The prime rate is a key lending rate used to set many variable interest rates, such as the rates on credit cards.

The current prime rate is 4.75%. After the the Federal Reserve wrapped up its October meeting by announcing a quarter-point cut in interest rates, major banks lowered the prime by a similar amount, from 5% to 4.75%.

Does it sound like the Fed sets the prime? It doesn't, though that's a common misunderstanding. Changes in the prime are not dictated by the Fed, though the prime rate is closely tied to the federal funds rate. That's the benchmark interest rate that the Fed controls.

Each time the central bank gives the federal funds rate a nudge — in either direction — the big banks quickly make a matching move with the prime.

Why the prime rate moves

Federal Reserve officials set their target for the federal funds rate based on how well the economy’s growing, and on the outlook for inflation.

Whenever the economy is booming in a way that could heat up inflation, the central bankers raise the federal funds rate to keep spending and prices under control. And the prime lending rate goes up, too.

The Fed tends to lower its interest rate where there are trouble signs for the economy, or in times of weak inflation. And that pushes down the prime.

So why have the central bankers cut rates three times in 2019, with the stock market mowing down records and the economy still expanding? The Fed says there are "uncertainties," so it's giving the economy some sugar — to keep the good times going.

What the prime rate means for you

The prime rate has a direct impact on credit card rates.
Yulia Grigoryeva / Shutterstock
The prime has a direct impact on credit card rates.

If you've got credit cards (and who doesn't?) or a home equity line of credit, better known as a HELOC, you feel the movements in the prime rate most directly.

Rates on those products change in lockstep with the prime.
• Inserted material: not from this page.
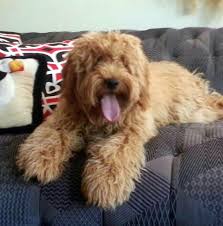 Get a boxer, husky, german shepherd pip our f2 golden doodle (approximately 55lbs) is the proud mother of 13 adorable puppies. Pin By Lawonda Houston On My Favorite Dog Doodle And Goldendoodles Doodle Dog Doodle Puppy Double Doodle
In fact, the adjustable rate on a HELOC might be advertised as "prime plus 1%" or "prime plus one," for example.

That means the rate on a hypothetical home equity line will slip from 6.5% to 6.25% because the prime has fallen from 5% to 4.75%.

You can expect to pay lower interest on your plastic or your HELOC as soon as several weeks after any Fed rate reduction.

The prime rate and other loans

Rates on auto loans, personal loans and some adjustable-rate mortgages also piggyback off the prime.

And while fixed mortgage rates don't necessarily follow the lead of the federal funds rate and the prime, they can be influenced by those benchmarks indirectly.

Mortgage rates have dropped to the lowest levels in nearly three years as the Fed has cut rates.

Timing is crucial when you’re deciding to borrow money. If you’re in the market for a mortgage, an auto loan or a personal loan, you may want to latch onto a lower rate whenever you see one.